A generic object store interface for uniformly interacting with AWS S3, Google Cloud Storage, Azure Storage and local files.

Project description

object-store-python

CI code style: black PyPI PyPI - Downloads

Python bindings and integrations for the excellent object_store crate. The main idea is to provide a common interface to various storage backends including the objects stores from most major cloud providers. The APIs are very focussed and taylored towards modern cloud native applications by hiding away many features (and complexities) encountered in full fledges file systems.
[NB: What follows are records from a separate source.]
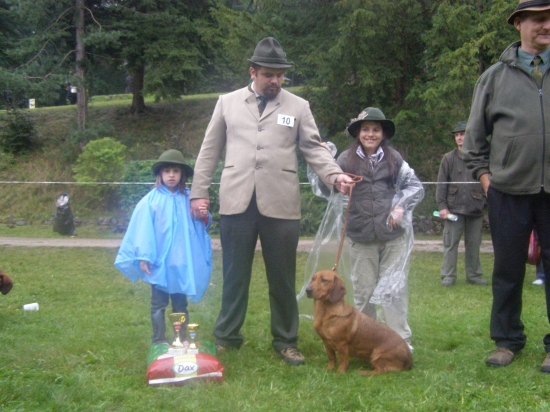 klubova vystava SV.Anton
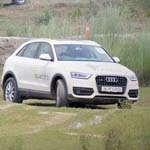 Driving the Audi Q's off-road - OneWorldNews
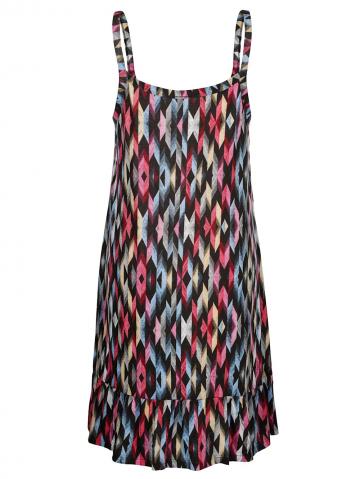 Пляжное платье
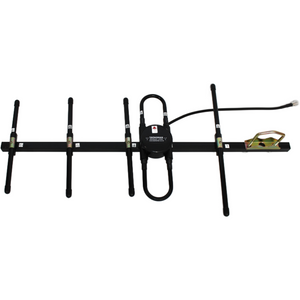 TECHOMAN UHF 430 - 470 MHz UHF Base Station Yagi Directional Antenna with Mount  TECHOMAN   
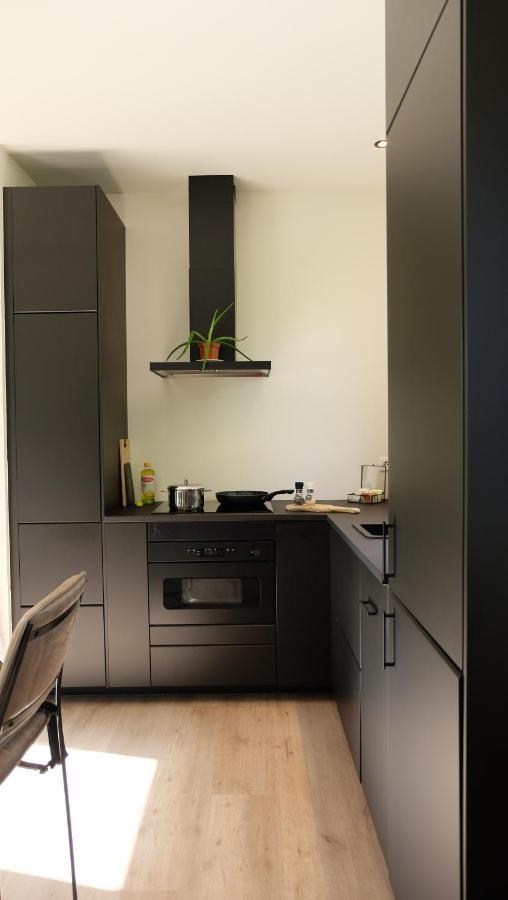 The Black Oak - Luxe Met Prive Sauna Holiday home *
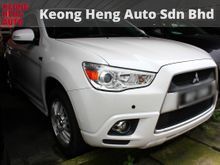 (RAYA SALE)(TRUE 2O1O) Mitsubishi ASX 2.0 SUV (A) (82,000km Only) (Accident Free) (Nice Num 3369) PRICE NEGOTIABLE CALL FOR BEST OFFER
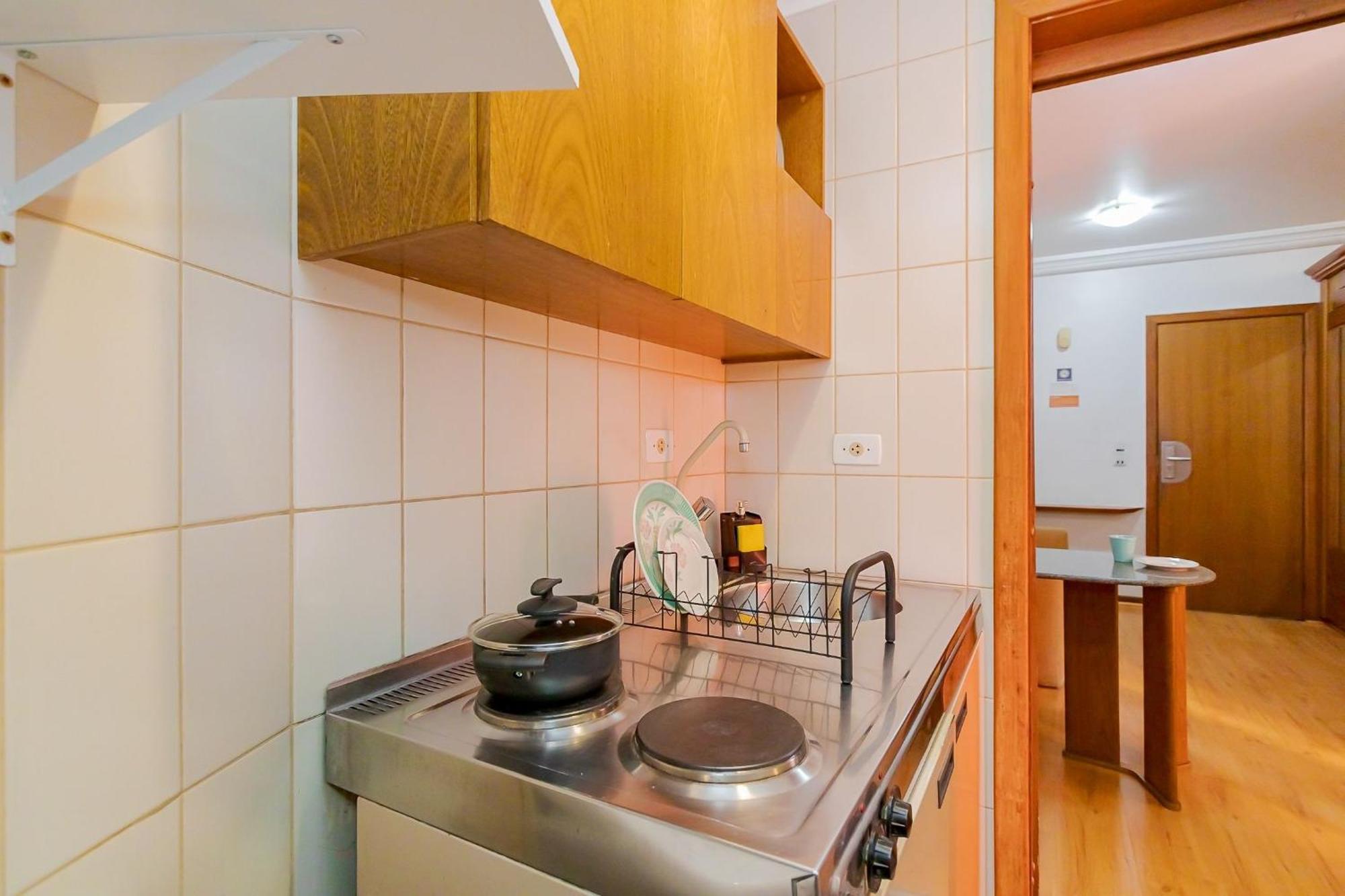 Apartment Batel | Avenida Do Batel *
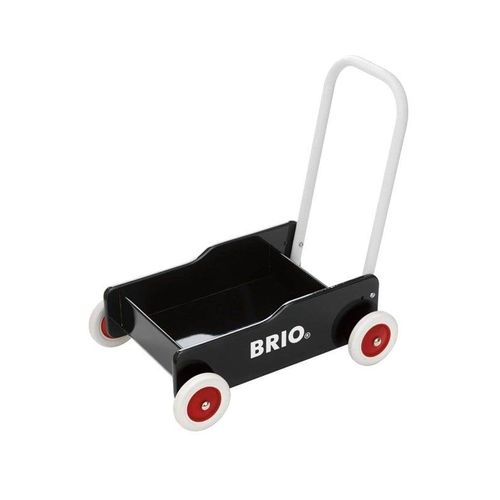 Brio Lauflernwagen, schwarz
Among the included backend are:

  • Amazon S3 and S3 compliant APIs
  • Google Cloud Storage Buckets
  • Azure Blob Gen1 and Gen2 accounts (including ADLS Gen2)
  • local storage
  • in-memory store

Installation

The object-store-python package is available on PyPI and can be installed via

poetry add object-store-python

or using pip

pip install object-store-python

Usage

The main ObjectStore API mirrors the native object_store implementation, with some slight adjustments for ease of use in python programs.

ObjectStore api

from object_store import ObjectStore, ObjectMeta

# we use an in-memory store for demonstration purposes.
# data will not be persisted and is not shared across store instances
store = ObjectStore("memory://")

store.put("data", b"some data")

data = store.get("data")
assert data == b"some data"

blobs = store.list()

meta: ObjectMeta = store.head("data")

range = store.get_range("data", start=0, length=4)
assert range == b"some"

store.copy("data", "copied")
copied = store.get("copied")
assert copied == data

Configuration

As much as possible we aim to make access to various storage backends dependent only on runtime configuration. The kind of service is always derived from the url used to specifiy the storage location. Some basic configuration can also be derived from the url string, dependent on the chosen url format.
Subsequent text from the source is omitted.